*WHAT YOU HAVE TO DO:*
Repeat the data that follows verbatim. Images are not part of the copy.

*INFORMATION PROVIDED:*
* * * *
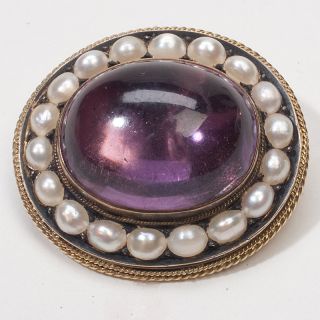 Antique Victorian Pearl Gold Pin Brooch Vintage Jewelry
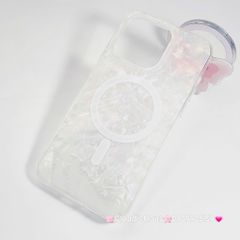 Case Ốp điện thoại iPhone Nền Trắng Ánh Xà Cừ Magsafe iPhone 11/12/13/14/15/16/Pro/Promax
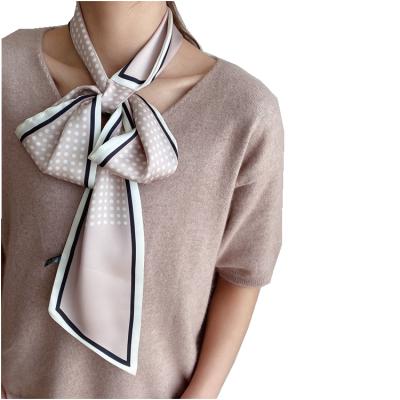 China Long Shape Ear Style Soft Fashion Printed Small Silk Scarf Women's Scarf for sale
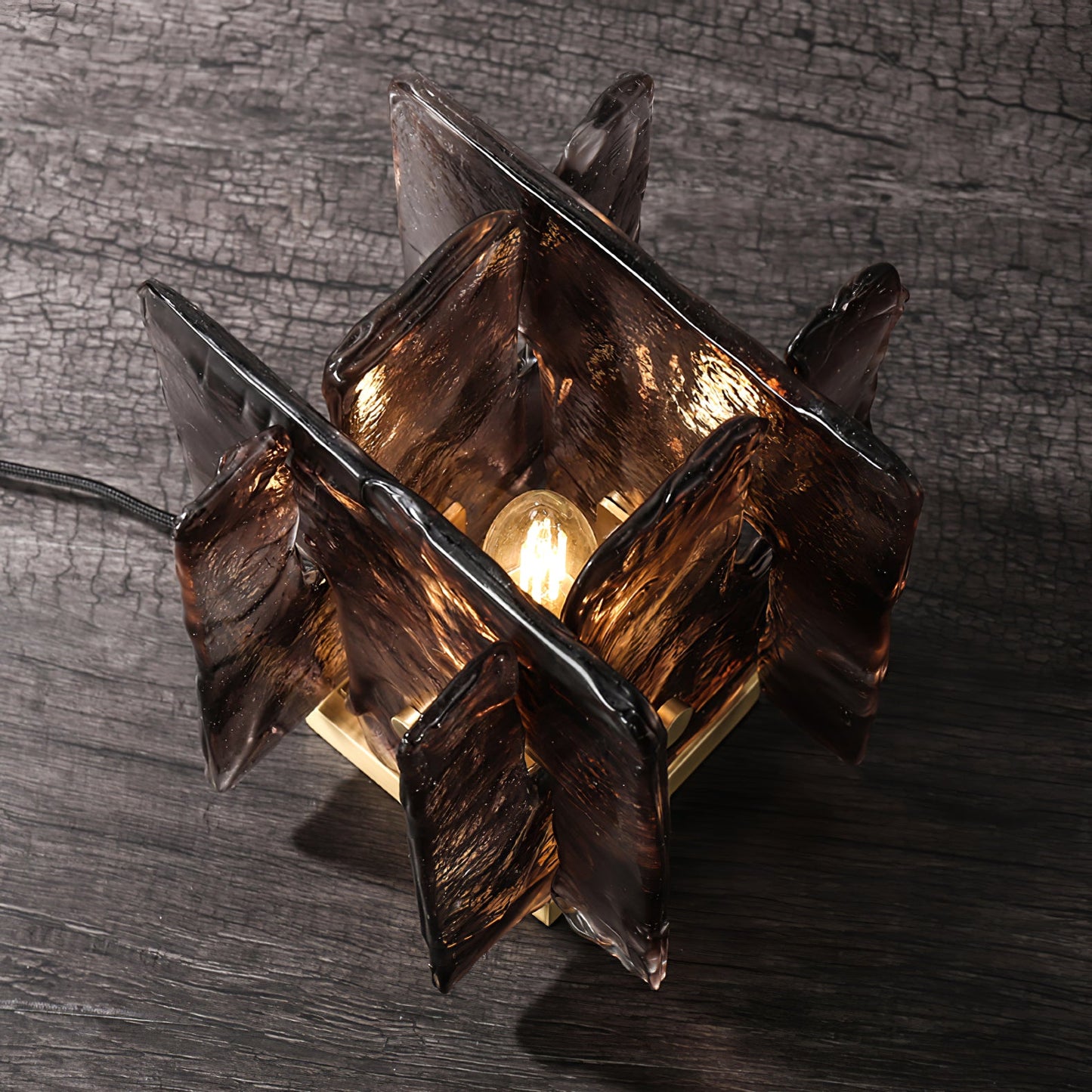 Amber Table Lamp | Brushed Brass & Amber Glass | Modern Design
* * * *
*TASK SOLUTION:*
 Antique Victorian Pearl Gold Pin Brooch Vintage Jewelry
 Case Ốp điện thoại iPhone Nền Trắng Ánh Xà Cừ Magsafe iPhone 11/12/13/14/15/16/Pro/Promax
 China Long Shape Ear Style Soft Fashion Printed Small Silk Scarf Women's Scarf for sale
 Amber Table Lamp | Brushed Brass & Amber Glass | Modern Design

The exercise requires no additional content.